Vesara-Nagara Hybrid Style: This style emerged during the Chalukya and Rashtrakuta periods and is a blend of Nagara and Vesara elements:
- Square sanctum with a curvilinear shikhara.
- A stepped pyramidal tower over the sanctum.
- Decorative motifs and intricate carvings similar to the Vesara style.
- Prominent examples: Virupaksha Temple in Pattadakal, Mallikarjuna Temple in Basaralu.
Kalinga Style (Odisha Style)
The Kalinga style is unique to the state of Odisha and is characterized by its emphasis on the sanctum, which is circular in shape. Key features include:
- Curvilinear tower (rekha adult) over the sanctum with a crowning element called amalaka.
- Pyramid-shaped hall (jagamohana) leading to the sanctum.
- Sculptures depicting various aspects of Hindu mythology.

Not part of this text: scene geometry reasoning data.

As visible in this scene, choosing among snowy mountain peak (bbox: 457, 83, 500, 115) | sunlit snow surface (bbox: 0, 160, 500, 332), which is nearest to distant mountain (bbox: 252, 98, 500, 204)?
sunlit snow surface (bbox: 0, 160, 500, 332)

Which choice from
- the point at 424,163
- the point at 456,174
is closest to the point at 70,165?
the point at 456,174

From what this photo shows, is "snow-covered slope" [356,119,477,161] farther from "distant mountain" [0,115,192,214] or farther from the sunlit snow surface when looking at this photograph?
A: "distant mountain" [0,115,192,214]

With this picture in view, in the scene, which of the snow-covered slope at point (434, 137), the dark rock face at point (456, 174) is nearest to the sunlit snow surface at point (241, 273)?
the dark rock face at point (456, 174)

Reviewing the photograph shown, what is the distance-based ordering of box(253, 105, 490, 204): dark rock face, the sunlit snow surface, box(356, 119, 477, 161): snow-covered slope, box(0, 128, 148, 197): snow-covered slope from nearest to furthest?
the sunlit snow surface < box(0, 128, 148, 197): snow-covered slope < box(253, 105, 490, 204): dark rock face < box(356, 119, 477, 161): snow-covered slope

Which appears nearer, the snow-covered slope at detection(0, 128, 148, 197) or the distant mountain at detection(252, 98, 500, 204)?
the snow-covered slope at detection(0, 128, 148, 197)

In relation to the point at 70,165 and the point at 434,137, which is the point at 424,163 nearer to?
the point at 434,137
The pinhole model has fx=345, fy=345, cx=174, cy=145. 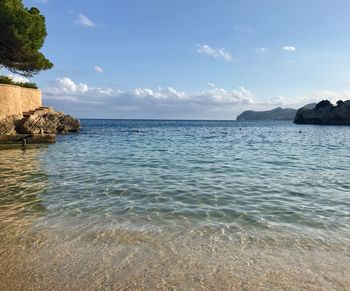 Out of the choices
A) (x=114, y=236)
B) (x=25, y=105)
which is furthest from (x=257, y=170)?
(x=25, y=105)

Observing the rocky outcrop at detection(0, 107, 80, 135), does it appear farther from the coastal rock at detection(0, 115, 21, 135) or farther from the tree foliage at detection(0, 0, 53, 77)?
the tree foliage at detection(0, 0, 53, 77)

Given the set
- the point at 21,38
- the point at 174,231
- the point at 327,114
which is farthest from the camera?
the point at 327,114

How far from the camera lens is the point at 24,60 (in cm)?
3950

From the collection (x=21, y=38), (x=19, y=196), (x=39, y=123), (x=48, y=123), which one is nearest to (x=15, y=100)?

- Prominent examples: Lingaraja Temple in Bhubaneswar, Sun Temple in Konark.
Basic Features of Indian Temple
Indian temple architecture exhibits several basic features that are common across different styles and regions. These features are integral to the design and symbolism of Hindu temples. Here are some of the key elements:
- Sanctum (Garbhagriha): The sanctum, also known as garbhagriha or vimana, is the core and most sacred part of the temple. It houses the main deity or presiding deity of the temple. The sanctum is usually a small, dark chamber where the deity resides. It is often designed to represent the cosmos, symbolizing the womb of creation and the abode of the divine.
- Mandapa: The mandapa refers to the pillared hall or porch that serves as the entrance to the sanctum. It acts as a gathering space for devotees, where religious ceremonies and rituals are performed. The mandapa can be open or closed, depending on the architectural style of the temple.
- Shikhara (Spire): The shikhara is the towering superstructure that rises above the sanctum. It is the most prominent and recognizable feature of Indian temples. The shape and design of the shikhara vary depending on the regional architectural style. In North Indian temples, the shikhara is often curvilinear, resembling a mountain peak, while in South Indian temples, it is pyramidal and has a stepped design.
- Gopuram (Gateway Tower): In South Indian temple architecture, especially in Dravida-style temples, the gopuram is a monumental and ornate tower that stands at the entrance to the temple complex. It is adorned with elaborate sculptures and serves as a grand gateway, leading devotees into the temple precinct.
- Amalaka and Kalasha: The amalaka is a circular stone disc placed at the top of the shikhara in many North Indian temples. It serves as a crown for the temple tower. Above the amalaka, a kalasha (decorative finial) is placed, representing a pot of nectar or abundance.
- Pillars and Columns: Indian temple architecture features intricately carved pillars and columns. These pillars support the roof of the mandapa and other parts of the temple. The carvings on the pillars often depict scenes from Hindu mythology, celestial beings, and other ornate designs.
- Sculptures and Carvings: Sculptures and carvings are essential elements of Indian temple architecture. They adorn the exterior walls, entrance gateways, and inner sanctum of the temple. The sculptures depict various deities, gods, goddesses, celestial beings, mythical creatures, and scenes from Hindu epics and Puranas.
- Temple Tank: Many Indian temples have a sacred water tank or reservoir known as a temple tank or kund. These tanks are used for ritual bathing and other religious ceremonies. They also serve a practical purpose by providing water for temple-related activities.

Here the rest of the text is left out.